## EXERCISE
Exactly as written, reproduce the lines from the beginning of the data through the line containing "Chemise homme en"; the pictures are not reproduced.
[Start of Attachment]
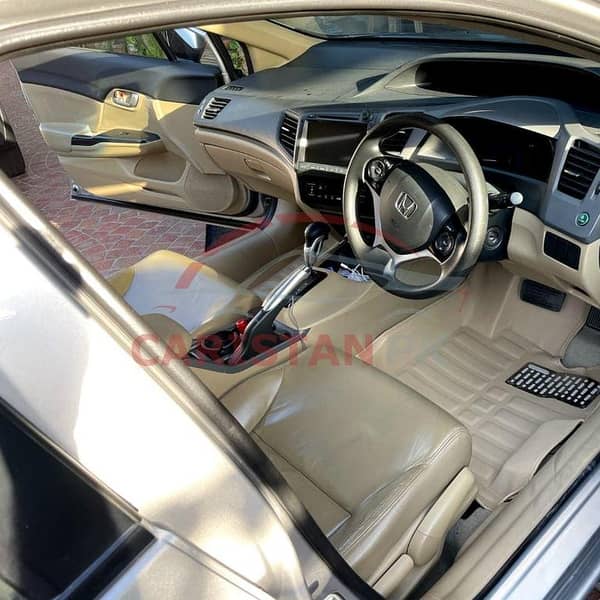 Honda Civic 2012-15 5D Beige Floor Mats – Design A
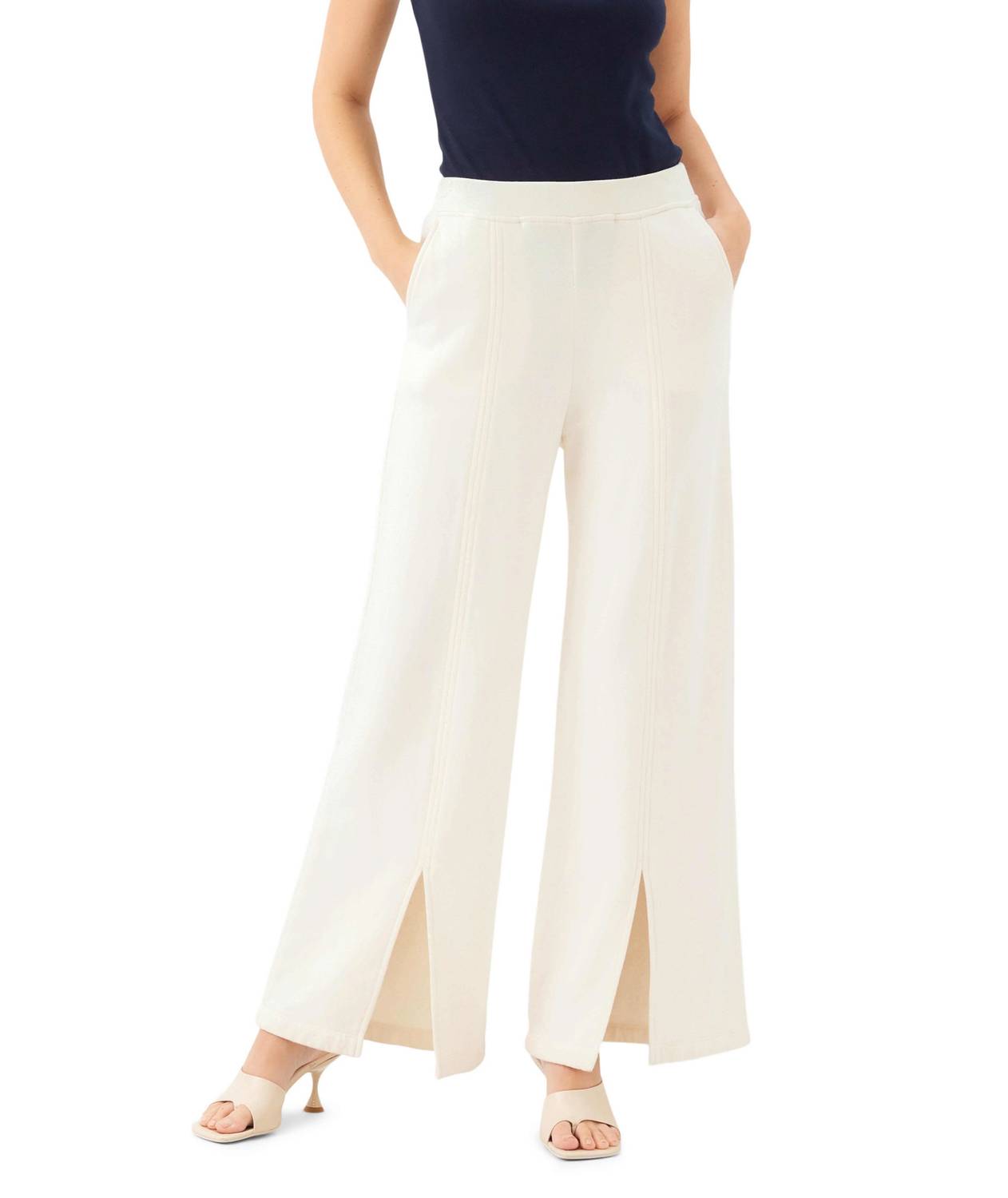 Fifteen Twenty - Front-slit Wide-leg Sweatpants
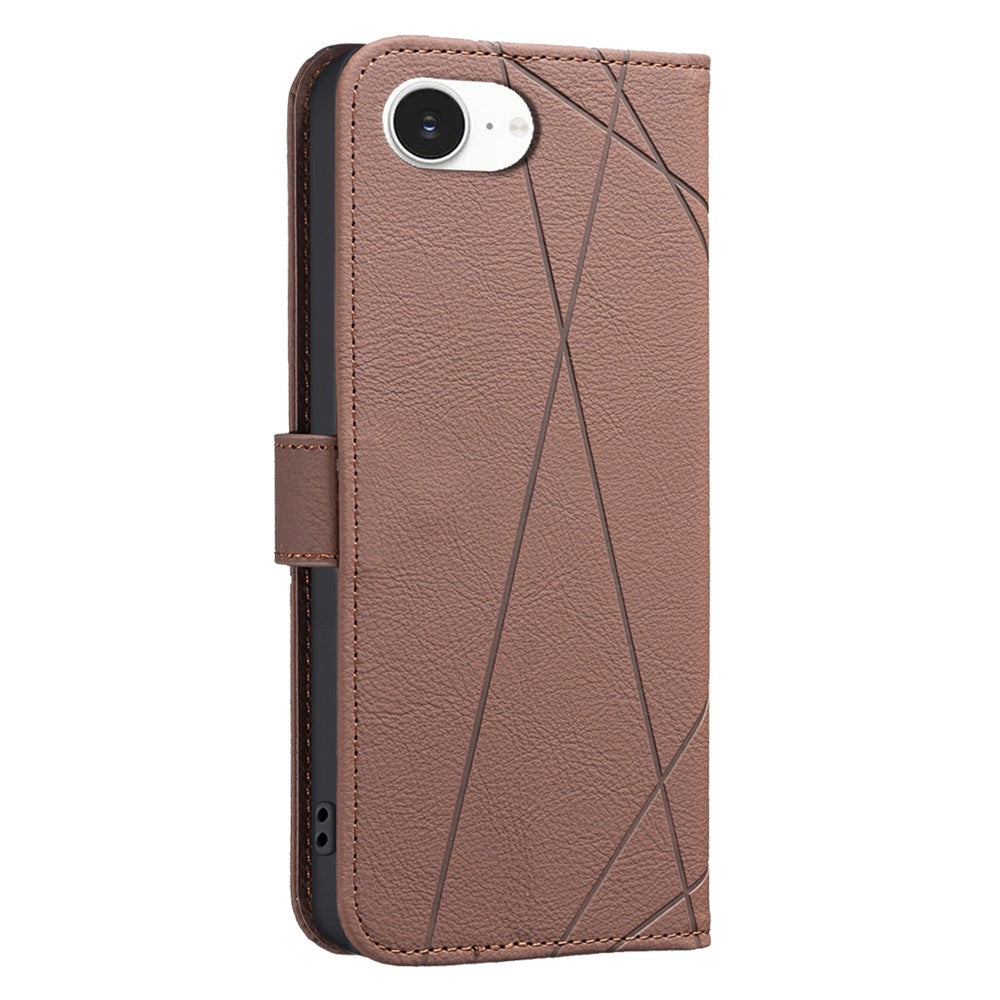 BINFEN COLOR For iPhone 17e / 16e Case  BF35 Geometry Imprinted Leather Phone Cover RFID Blocking Wallet Stand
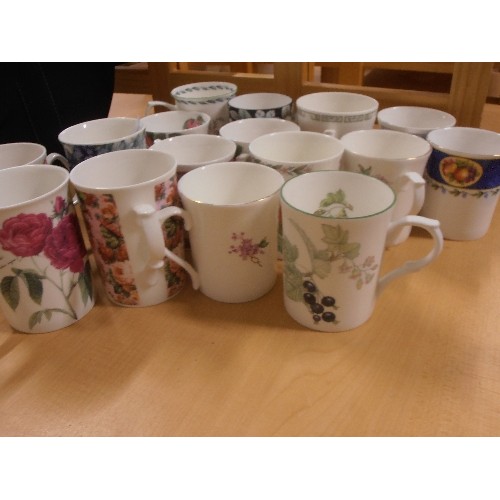 146 - 16 X GOOD QUALITY BONE-CHINA MUGS. MOSTLY FLORAL.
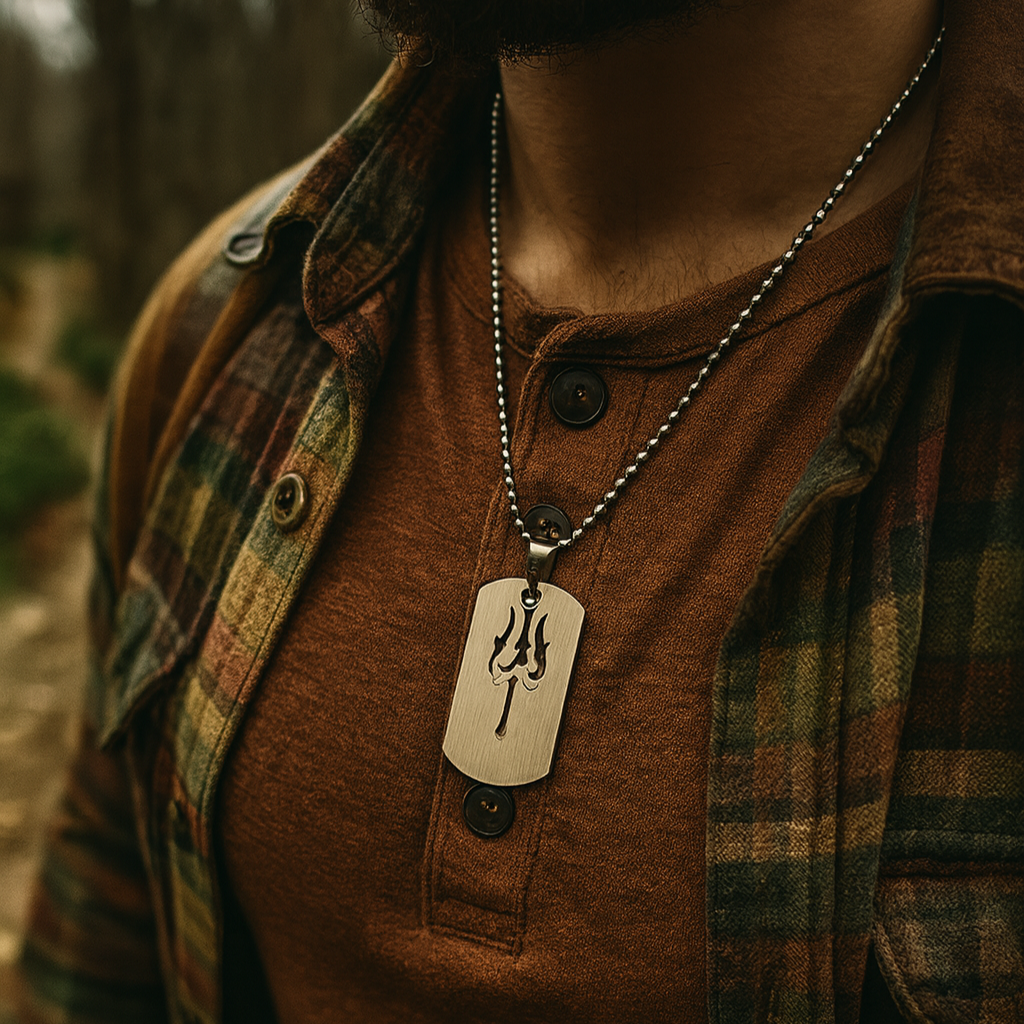 JewelMaze Trishul  Chain Pendant For Men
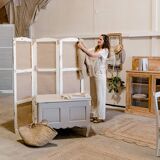 White stained & jute screen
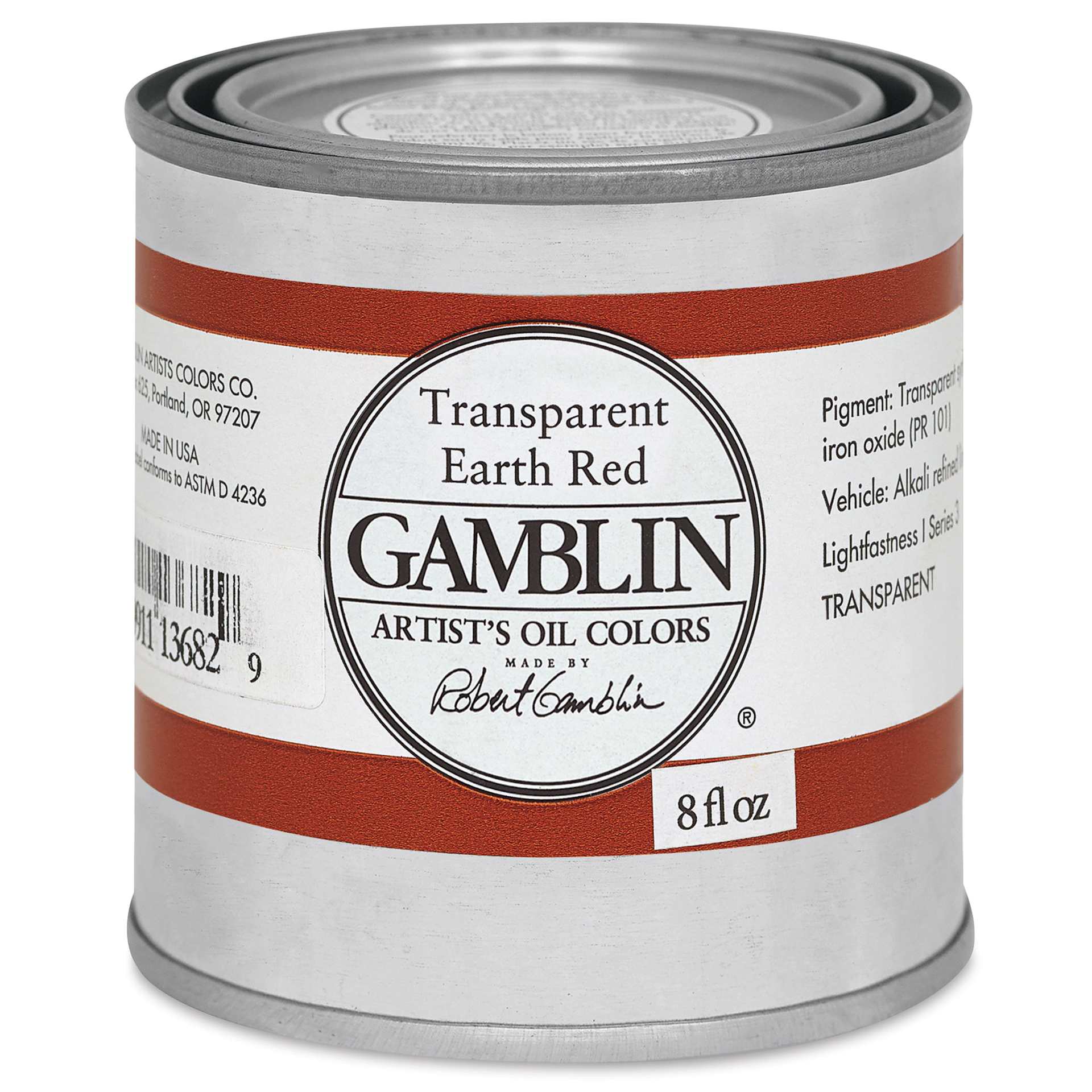 Gamblin Artist's Oil Color - Transparent Earth Red, 8 oz Can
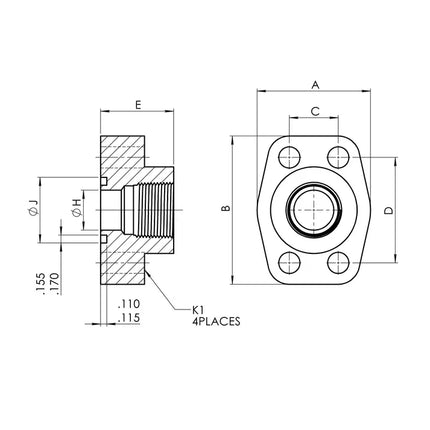 1927-62-12-12-KIT | 12 FP - 12 Code 62 Flange Block Kit, Carbon Steel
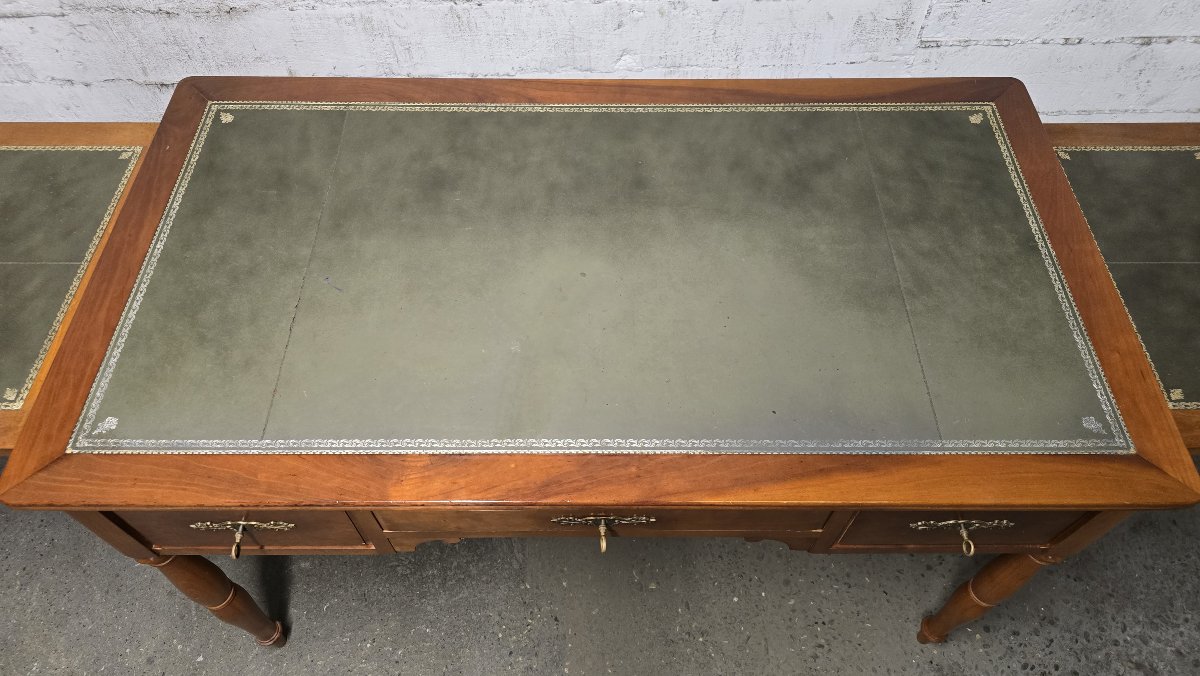 Flat Leather Desk, Louis-philippe Style, With Side Pull-out Drawers-photo-3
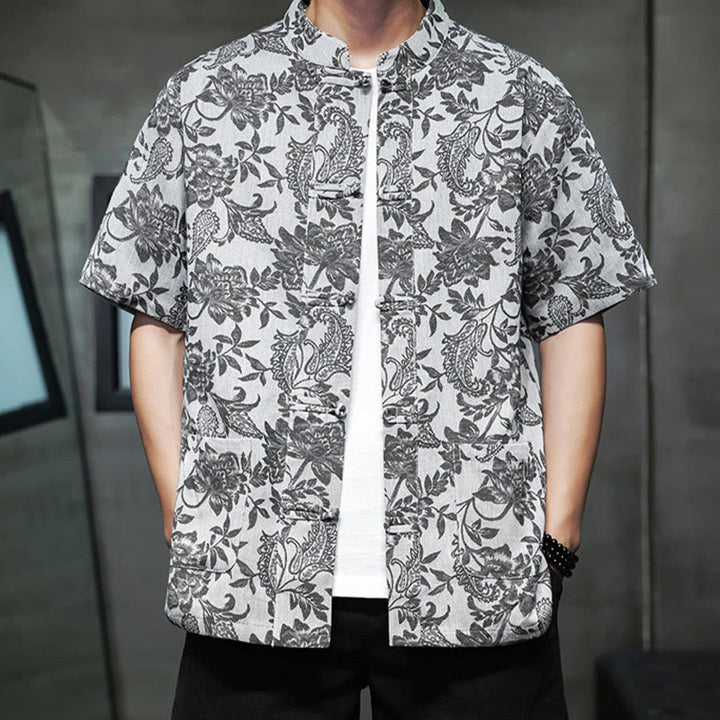 Chemise homme en coton avec poches, motif cachemire jacquard décontracté Buddha Stones, boutons brandebourg - image 27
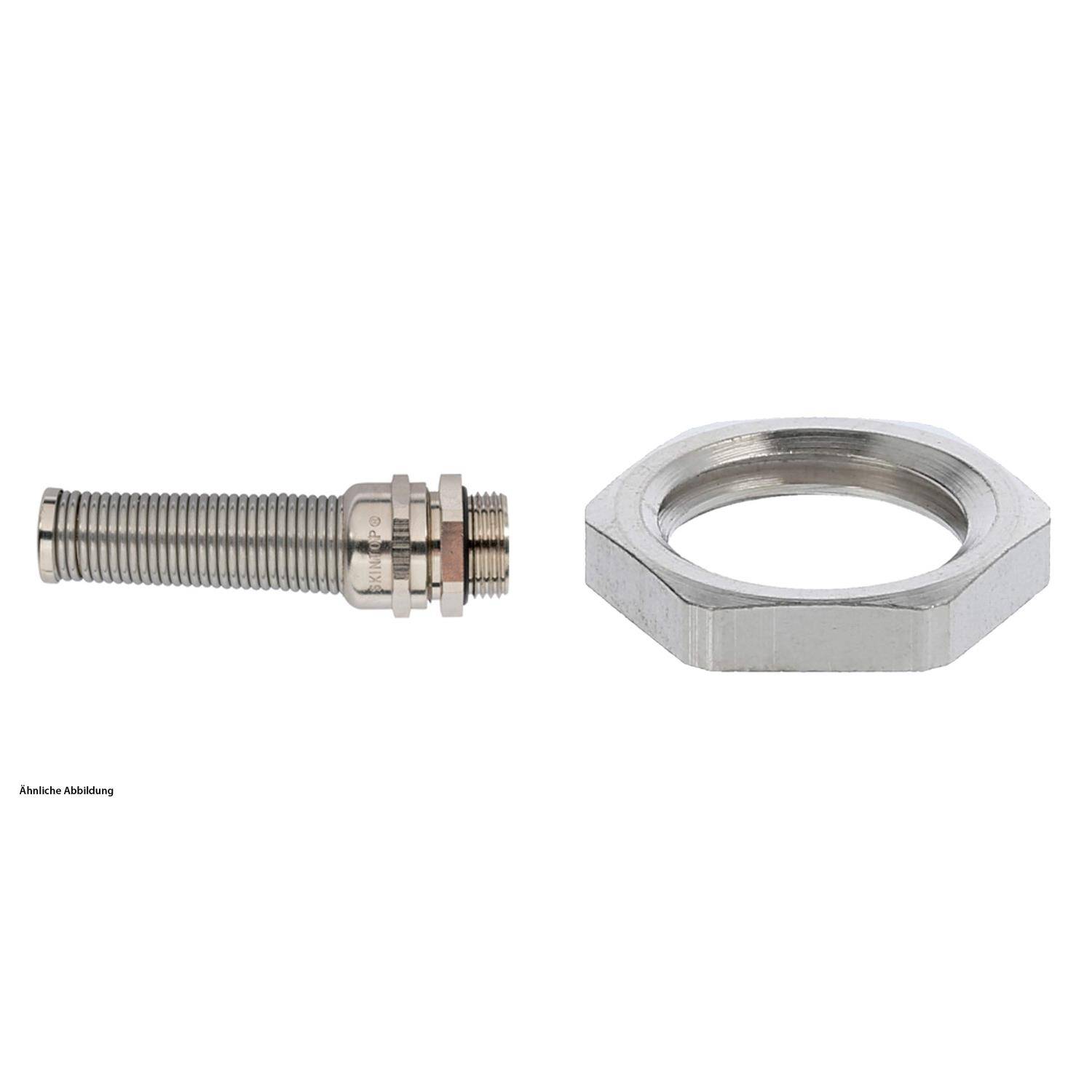 Ein Metallzylinder mit Gewindeabschnitten und einer separaten Sechskantmutter; wahrscheinlich Komponenten für eine mechanische Montage.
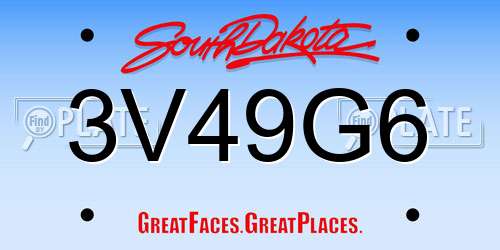 3V49G6 South Dakota License Plate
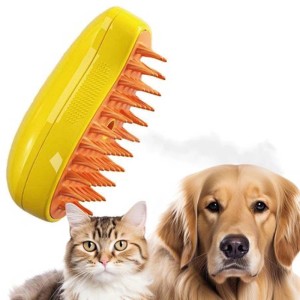 Spazzola gialla per cani con gommini, adatta per cani e gatti.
[End of Attachment]
## TASK RESPONSE
 Honda Civic 2012-15 5D Beige Floor Mats – Design A
 Fifteen Twenty - Front-slit Wide-leg Sweatpants
 BINFEN COLOR For iPhone 17e / 16e Case  BF35 Geometry Imprinted Leather Phone Cover RFID Blocking Wallet Stand
 146 - 16 X GOOD QUALITY BONE-CHINA MUGS. MOSTLY FLORAL.
 JewelMaze Trishul  Chain Pendant For Men
 White stained & jute screen
 Gamblin Artist's Oil Color - Transparent Earth Red, 8 oz Can
 1927-62-12-12-KIT | 12 FP - 12 Code 62 Flange Block Kit, Carbon Steel
 Flat Leather Desk, Louis-philippe Style, With Side Pull-out Drawers-photo-3
 Chemise homme en coton avec poches, motif cachemire jacquard décontracté Buddha Stones, boutons brandebourg - image 27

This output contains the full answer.